=== WORK TASK ===
All entries are to be retyped without alteration.

-- RECORDS PROVIDED follows --

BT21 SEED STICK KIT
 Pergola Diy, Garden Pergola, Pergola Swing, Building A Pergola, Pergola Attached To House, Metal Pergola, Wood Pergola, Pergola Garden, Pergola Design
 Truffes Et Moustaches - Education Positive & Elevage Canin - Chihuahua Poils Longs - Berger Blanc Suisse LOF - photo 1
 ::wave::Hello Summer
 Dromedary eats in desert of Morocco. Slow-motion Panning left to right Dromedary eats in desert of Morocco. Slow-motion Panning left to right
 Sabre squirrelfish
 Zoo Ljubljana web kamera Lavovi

-- RECORDS PROVIDED concluded --

=== RESPONSE BOX ===
BT21 SEED STICK KIT
 Pergola Diy, Garden Pergola, Pergola Swing, Building A Pergola, Pergola Attached To House, Metal Pergola, Wood Pergola, Pergola Garden, Pergola Design
 Truffes Et Moustaches - Education Positive & Elevage Canin - Chihuahua Poils Longs - Berger Blanc Suisse LOF - photo 1
 ::wave::Hello Summer
 Dromedary eats in desert of Morocco. Slow-motion Panning left to right Dromedary eats in desert of Morocco. Slow-motion Panning left to right
 Sabre squirrelfish
 Zoo Ljubljana web kamera Lavovi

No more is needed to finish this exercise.